### Data section
┄┄┄┄┄┄
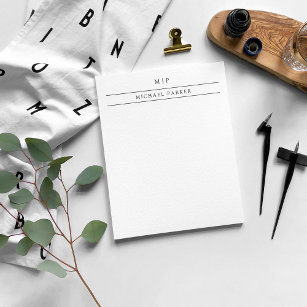 Minimalist Masculine   Initials and Name Notepad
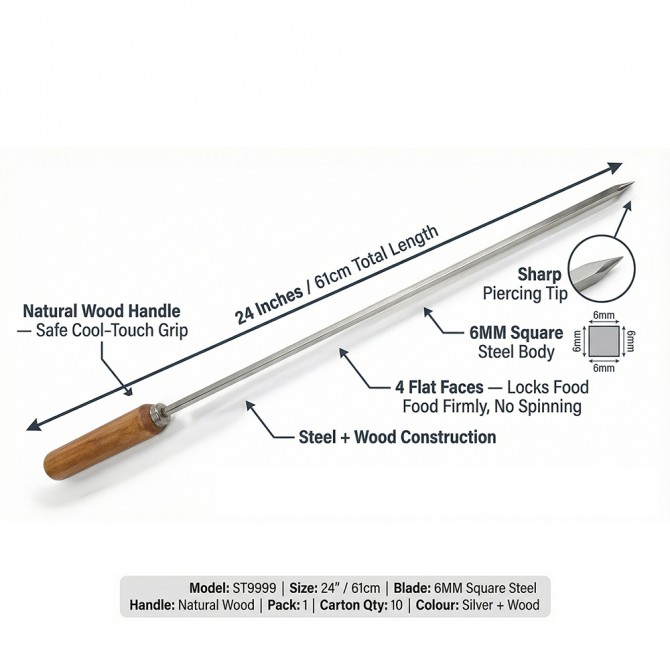 BBQ Skewer 24'' 6MM With Wood Handle BARBECUE image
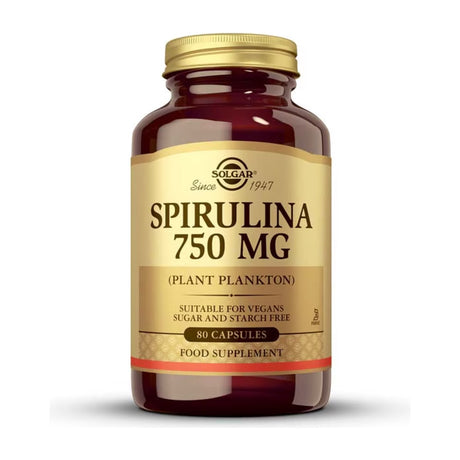 Solgar Espirulina 750 mg 80 Cápsulas Vegetales frontal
┄┄┄┄┄┄
### Directions
Please print the entire listing again exactly, minus its images.

### Answer space
 Minimalist Masculine   Initials and Name Notepad
 BBQ Skewer 24'' 6MM With Wood Handle BARBECUE image
 Solgar Espirulina 750 mg 80 Cápsulas Vegetales frontal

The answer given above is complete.